It is a given that CEOs have deep knowledge about how to monitor and manage their enterprise’s financial assets, their physical assets and, of course, their human assets. However, it is quite rare for a CEO to have even a basic understanding of what is involved in managing and leveraging all the data assets within the enterprise. These assets are mostly dispersed among the various organizational units in large central databases, smaller departmental databases, and at all levels in hundreds if not thousands of spreadsheets. With the proven value of data from news, social media, industry reports, and other external sources, the value of the company’s potential data assets goes up tremendously, but so do the issues associated with enabling the business end users to get full value out of that data. This is typically delegated to IT, yet in most cases the business end-users find themselves frustrated that IT cannot meet their ongoing needs in a timely fashion. A big part of that problem is the lack of understanding among senior management of the issues IT has to deal with, and the need for active senior management involvement to help deal with these issues in an effective manner. This article will present a brief overview of the issues in meeting end user demand, and some perspectives on what senior management, and CEOs in particular, can do to better guide and support IT in enabling end users to get the most out of the enterprise’s data resources.
A Bit of History
By the early 1980s, most of the transactional activity of enterprises was computerized. This included the basic financial information as well as purchase and sales orders. Demand by operational and management staffs to access and analyze this data led to a number of major IT trends, including the advent of the relational database with its so-called end user query language Structured Query Language (SQL). In addition, there were a number of more user-friendly query languages that became popular, but generally IT had to provide most end user reports. With the popularity of spreadsheets by the late 1980s everything began to change and business end users started collecting and analyzing data on their own. Still, much of the data they needed had to be obtained through IT, although over time, more and more was self-maintained by end user communities in their spreadsheets or in local data bases.
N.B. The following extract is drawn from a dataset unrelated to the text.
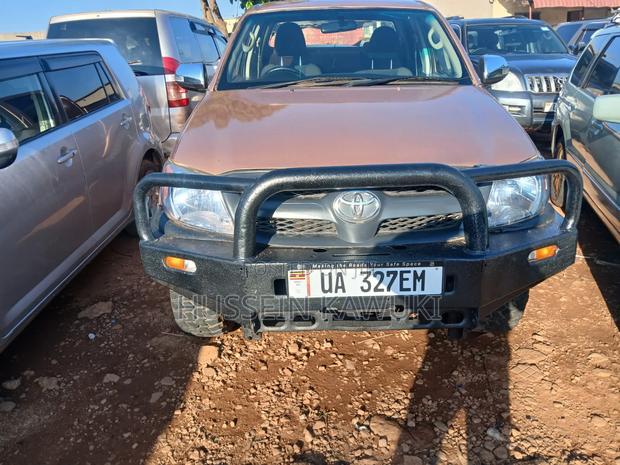 Toyota Hilux 2.5 Cab 2005 Gold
At roughly the same time, more sophisticated analysis tools, now called Business Intelligence (BI) tools, began to appear and enabled some more advanced end users to analyze much larger amounts of data than possible with a spreadsheet, as well as do much more sophisticated analysis. However, most of the needed enterprise data was still hard to obtain in a usable form and needed constant IT intervention. This created another major IT trend: the Data Warehouse. The concept here was that IT would feed all the relevant enterprise data in a cleansed, digested and integrated format into the Data Warehouse where end users could either query it directly or load it into their BI tool of choice.
Although the Data Warehouse and the associated BI tools were a big step forward in enabling end users to analyze enterprise data, most data is still analyzed in spreadsheets. These have proliferated throughout the organization and by some estimates there is more data and certainly more data analysis done in spreadsheets than in anything controlled by IT. In addition, because a single Data Warehouse that could serve all end user needs turned out to be a pipe dream, there grew up many more purpose-driven so-called Data Marts. With the proliferation of the data resources in different data “silos” and with different formats and even interpretations, it became a giant management challenge and one that went beyond the control of IT. Now, when you further add to that the proliferation of internal and external data sources and data types (structured, text, charts, pictures, etc.), it is no surprise that IT finds itself little able to provide the right data in the right format at the right time to all the business end users who could benefit from this data.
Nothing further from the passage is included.